Don’t get me wrong: the advances in web browsers since those days have been extraordinary and extraordinarily beneficial.

I have no problem with the .webp image file format. It complicates things a little for us web developers, but that’s fine. It makes the web faster, and that’s good.

File format inflation under the radar

The worst instances of file format inflation, unlike the introduction of the .webp image file format, often fly under the radar.

I ran into one last week. I use elevation data from the US Geological Survey (USGS) to carve three-dimensional mountain maps out of wood.

Elevation data is simple: imagine a two-dimensional array of numbers, each of which is the elevation in metres at a particular point on the map. It’s no more complicated than that.

Traditionally, such data has been stored in a file format called GeoTIFF. It’s an unnecessarily complicated format for a simple array of numbers, but it has the advantage that it’s based on the TIFF image file format, which means that it can be opened in any image processing software.

Recently, the USGS ditched the GeoTIFF format in favour of Cloud Optimized GeoTIFF. The new format has the benefit that it supports downloading just part of a file, rather than the whole file. This can be useful, given how large elevation data files can be.

So, that all sounds good, right?

Well, yes, if you consider only the benefits.
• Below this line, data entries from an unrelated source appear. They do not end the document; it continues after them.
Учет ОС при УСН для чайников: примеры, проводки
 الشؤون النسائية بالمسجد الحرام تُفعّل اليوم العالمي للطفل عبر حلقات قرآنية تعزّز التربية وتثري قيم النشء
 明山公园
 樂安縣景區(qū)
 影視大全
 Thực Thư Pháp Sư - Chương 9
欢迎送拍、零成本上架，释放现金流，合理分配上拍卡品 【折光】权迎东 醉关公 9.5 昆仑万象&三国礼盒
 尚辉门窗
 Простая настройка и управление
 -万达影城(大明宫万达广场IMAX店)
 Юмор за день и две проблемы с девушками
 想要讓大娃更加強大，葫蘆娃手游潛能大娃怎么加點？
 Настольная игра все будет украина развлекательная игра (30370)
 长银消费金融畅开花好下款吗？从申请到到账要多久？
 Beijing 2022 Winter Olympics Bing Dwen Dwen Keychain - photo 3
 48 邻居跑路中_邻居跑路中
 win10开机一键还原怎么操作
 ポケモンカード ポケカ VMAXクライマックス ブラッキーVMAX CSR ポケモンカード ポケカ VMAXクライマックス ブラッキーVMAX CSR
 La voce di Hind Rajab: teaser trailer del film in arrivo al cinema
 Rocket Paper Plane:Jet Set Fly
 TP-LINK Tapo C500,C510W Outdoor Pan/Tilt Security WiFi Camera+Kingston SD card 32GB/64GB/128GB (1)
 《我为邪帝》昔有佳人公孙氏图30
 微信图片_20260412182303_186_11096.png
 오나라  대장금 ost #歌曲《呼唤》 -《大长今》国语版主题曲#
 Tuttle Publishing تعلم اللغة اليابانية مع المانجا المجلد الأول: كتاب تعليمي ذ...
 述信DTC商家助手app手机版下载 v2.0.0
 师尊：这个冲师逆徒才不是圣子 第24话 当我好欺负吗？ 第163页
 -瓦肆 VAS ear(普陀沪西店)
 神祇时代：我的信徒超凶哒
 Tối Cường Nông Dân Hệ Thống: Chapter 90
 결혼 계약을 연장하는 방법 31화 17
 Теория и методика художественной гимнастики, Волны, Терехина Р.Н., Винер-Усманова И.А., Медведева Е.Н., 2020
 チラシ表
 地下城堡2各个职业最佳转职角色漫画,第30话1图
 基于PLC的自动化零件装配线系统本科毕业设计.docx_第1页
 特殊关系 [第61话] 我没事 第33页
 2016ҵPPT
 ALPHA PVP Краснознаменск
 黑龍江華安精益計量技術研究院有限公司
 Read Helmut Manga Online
The cost to me, personally, was having to shut down my map-making business while I figured out how to handle the new file format. Not only is Cloud Optimized GeoTIFF an even uglier format than GeoTIFF, which is an uglier format than TIFF, which is a pretty ugly format itself; it no longer even has the advantage that it can be opened in any image processing software to be converted to a less ugly format. None of the software I’ve previously used to handle GeoTIFF can handle Cloud Optimized GeoTIFF.

If I were cynical, I’d say that’s the whole point. Like all file format inflation, the move to Cloud Optimized GeoTIFF increases reliance on software, in this case the expensive mapping software that can handle Cloud Optimized GeoTIFF.

Cloud Optimized Capture

When the USGS first ditched the GeoTIFF format, I spent a couple of weeks rewriting my wood-carving software to handle a simpler format, GridFloat, which mercifully encodes elevation data as the simple array of numbers it is.

Then, a couple of weeks ago, the GridFloat file format disappeared from the USGS web site, along with every other file format except Cloud Optimized GeoTIFF.

It’s as if Google, developer of the most popular web browser, Chrome, suddenly stopped supporting .jpg files, along with every other image file format except .webp. Every image on every web site, other than the few that have already adopted .webp, would vanish overnight.

My map-making business is too small for me to afford the expensive mapping software now needed to read the USGS data. I’ve now found a way to convert it to a simpler format, but my business remained shut down for some time while I worked on this workaround.

If the impenetrable Cloud Optimized GeoTIFF had been the only file format available when I first started carving three-dimensional maps, I might never have got started. This file format inflation, at least, has increased barriers to entry for small map-making businesses like mine.

Never neglect the second-order effect.